Maple Ridge News in Canada. “Sales and prices continue to drop in the real estate market in Maple Ridge-Pitt Meadows, which is part of a much wider trend. Houses in Maple Ridge are down 17 per cent to $1.23 million, and in Pitt Meadows they are down 19 per cent to $1.24 million. Townhouses are also down to $751,000 in Maple Ridge, a drop of 17 per cent, while Pitt Meadows’ townhomes are at $819,000 for a drop of 11 per cent. Apartments have fared better, down six per cent in Maple Ridge to $536,000, and down 6.6 per cent to $604,000 in Pitt Meadows.”

From Home Front in the UK. “Can someone please come and collect Liz Truss and Kwasi Kwarteng from aisle five? There’s a terrible spillage: they’ve knocked over the economy and it’s a total mess. The housing market looks like it might need mopping up soon, too. A few weeks ago, I spoke with Neal Hudson for this newsletter, and he said, ‘this is getting scary.’ Yesterday we spoke on the phone, and he said: ‘I had absolutely no sense that this was going to be as scary as it is now.’”

“‘It might not be quite as bad as some of the financial metrics are suggesting today,’ he added. ‘But even so this is going to have a lasting impact on the economy and the housing market. If interest rates go much, much higher then that drastically increases the risk of a house price crash. We’re talking in terms of tens of per cents rather than single digit falls.’”

“‘If mortgage rates, let alone the Bank of England base rate, go to 6 per cent, then that would be incredibly difficult for the housing market,’ Hudson added. The key pinch point is this: 6 per cent mortgage rates may not sound as high as the 16 per cent plus highs of the 1980s but house prices have hit historic highs since the pandemic which means that people borrow more now. ‘Although we’ve got more people on fixed-rate mortgages, there are an awful lot of people who need to refix in coming months and years so, if interest rates do stay this high, it’s going to have a pretty drastic impact on the housing market and also on the economy,’ Hudson concluded.”

From Bloomberg. “New Zealand house prices suffered one of their biggest quarterly drops on record in the three months through September, and the worst may not be over. That’s according to CoreLogic New Zealand, which said the 4.1% quarterly decline is second only to a 4.4% drop in the wake of the global financial crisis 14 years ago. Prices fell for a sixth consecutive month.”

Western Australia Today. “More than half of properties in the City of Perth are selling at a loss, making the area the least profitable in the country, new figures reveal. As the nation’s real estate market moves into the early stages of a downswing, WA councils with a high proportion of apartments recorded the biggest losses for properties sold in the June quarter, according to CoreLogic’s Pain and Gain Report. More than 55 per cent of properties sold in the City of Perth were sold at a loss, with sellers losing on average $66,250 after holding on to the dwelling for 10.3 years. In Subiaco, 28.7 per cent of properties were sold at a loss of around $45,000.”
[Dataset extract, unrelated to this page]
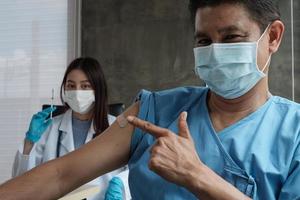 ritratto, maschera facciale asiatica maschio paziente sorridente, vaccinando contro il coronavirus covid-19 con un medico in ospedale, il braccio con cerotto medicinale. le iniezioni sono cure mediche.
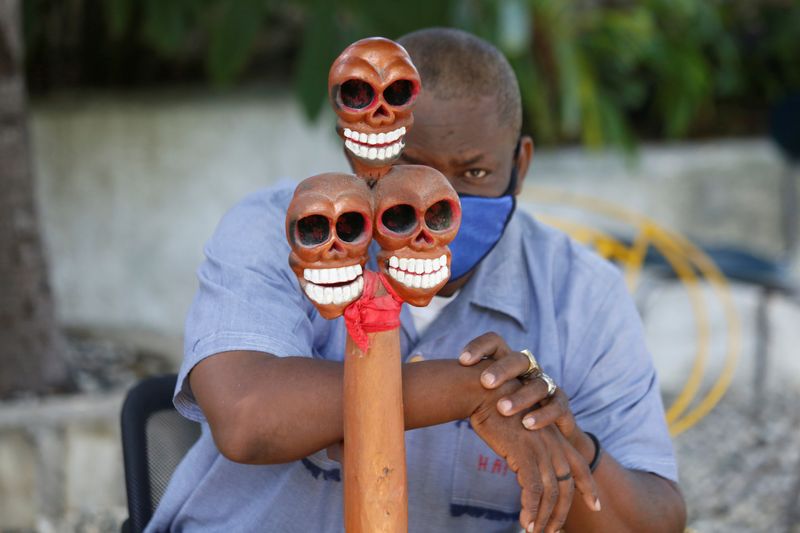 &copy; Reuters. A voodoo priest wearing a face mask to protect from the spread of the coronavirus disease (COVID-19) takes part in a ceremony in Port-au-Prince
“Strategic Property Group managing director Trent Fleskens said many who bought during the mining boom would be selling at a loss if they put their property on the market today. ‘Not every investment decision is going to be a good decision,’ he said. ‘It’s more than likely that the people who are choosing to sell at a loss are people who are selling apartments, offloading them because they see them as an inferior investment product going forward. They’re either selling them because they have something better to invest in, or they’re just worn out and tired of having made a loss, they’ve gotten close enough with the value that it’s acceptable for them to cash out and cut their losses.’”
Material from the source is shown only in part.